As I headed back to the road I thought about my options. I could walk out, but that would take at least an hour, maybe two and I really wasn't in condition for those hills. Nor did I have walking shoes. And when I got to the main road, there would still be another half hour or so of walking until I reached somewhere that I could use a phone. And it was starting to rain hard. I slipped my camera under the car, perching it on top of the gravel to stay dry while I prayed hard and fast about what to do. I quickly decided that the only solution would be to break a window on my car. All that was standing between me and those keys was one thin little pane of glass, after all. I began to cast my eyes about the surrounding landscape for some kind of a tool to use, perhaps a rock, and right out loud, asked my Father for help with the cause.
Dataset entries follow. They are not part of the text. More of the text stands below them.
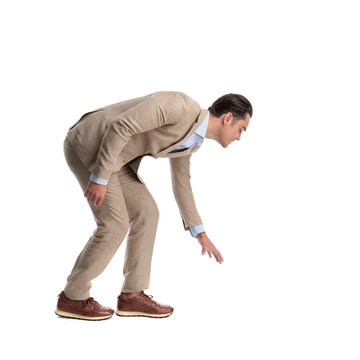 Side view of curious man in linen suit reaching down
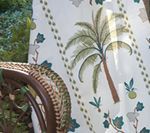 Palm tree print fabric draped over a wicker chair, outdoors.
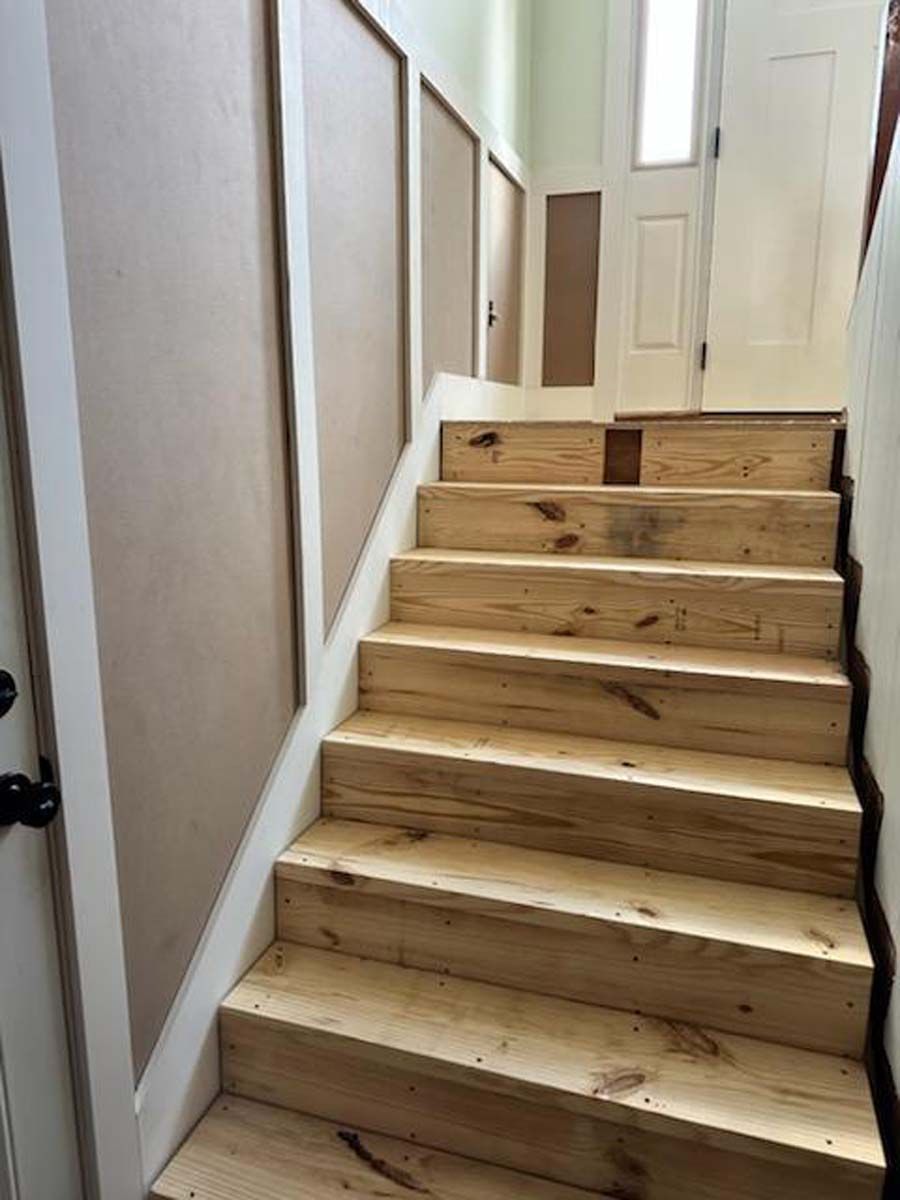 A set of wooden stairs leading up to the second floor of a house.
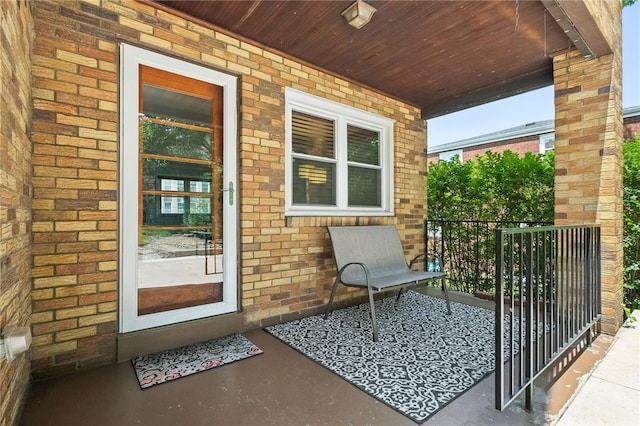 144 Cochran Mt, Lebanon, PA 15228 - doorway to property with a porch and brick siding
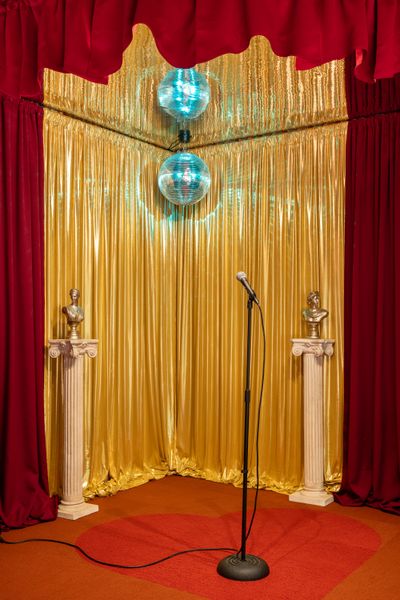 The home has a number of unique touches, including a stage they built in the living room for guests to do karaoke on, complete with a custom heart rug on top.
Within 30 seconds my eyes landed on a length of 2 by 4, which had a large pointed dollop of concrete firmly stuck to one end. It was the perfect tool for attempting to smash hard-to-break tempered automotive glass and I took it as a sign that God was surely with me. I wonder if the road crew who tossed their construction waste into the ditch after putting up the "No Motorized Vehicles..." sign had any idea that the refuse they left would someday be an answer to prayer. I doubt it. I doubt it very much.
But an answer to prayer it was. I laid hands on my divinely appointed tool and set to work on the little triangular window in the back door - the smallest window - and I hoped the least expensive.
Bam! The concrete bounced off the glass. I suddenly realized this was going to be harder than it looked. I set my resolve, planted my feet firmly and "Bam!" the tool went again. "Bam! Bam! Bam!" Each time I tried, it bounced back off the glass. I tried harder. And the more power I put into it, the more bounce it had until it was bouncing nearly out of my hands. I stopped, took a deep breath and psyched myself up. This was going to be the mother of all bams and when I struck the car this last time, "Crash!" The window shattered into a million fragments. At the same time, the hunk of concrete which had fallen off the 2 by 4 on impact landed on the back seat amids tiny little jewels of brightly sparkling glass. I reached in the window, popped up the lock and I was FREE!
Back at work 20 minutes later, the whole adventure seemed like a dream. "Why didn't you just call us on your cell phone?" one co-worker asked. My cell phone, of course, had been laying on the front seat, right next to my keys.
The lesson? Well, there was a time this little adventure would have started a cacophony of voices in my head. "Loser!" "You can't do anything right." "You're no good." "This would never happen to Belinda." You know, stuff like that.
But I was seeing myself in a whole different light today. Instead I heard voices saying, "How resourceful!" "God was with you to help you find that tool!" "Great decision making in a crisis."
No, I never should have been in that position. I should never have put my keys down before getting out of the car. I should have tucked them securely in my pocket instead. But I did absentmindedly lay them down. Then I got out and I locked them in the car.
The question, once in the middle of the dilemma, quickly became, "What now?" not "What if?"
God was with me that afternoon in the woods. He was well aware of my weaknesses and made sure the tool I would need had been thrown haphazardly into the ditch and lay there undisturbed for months - maybe even years.
As I recall, it cost about $250 to get that broken window replaced. Was the lesson God consolidated in my heart that day worth the price? I thought so!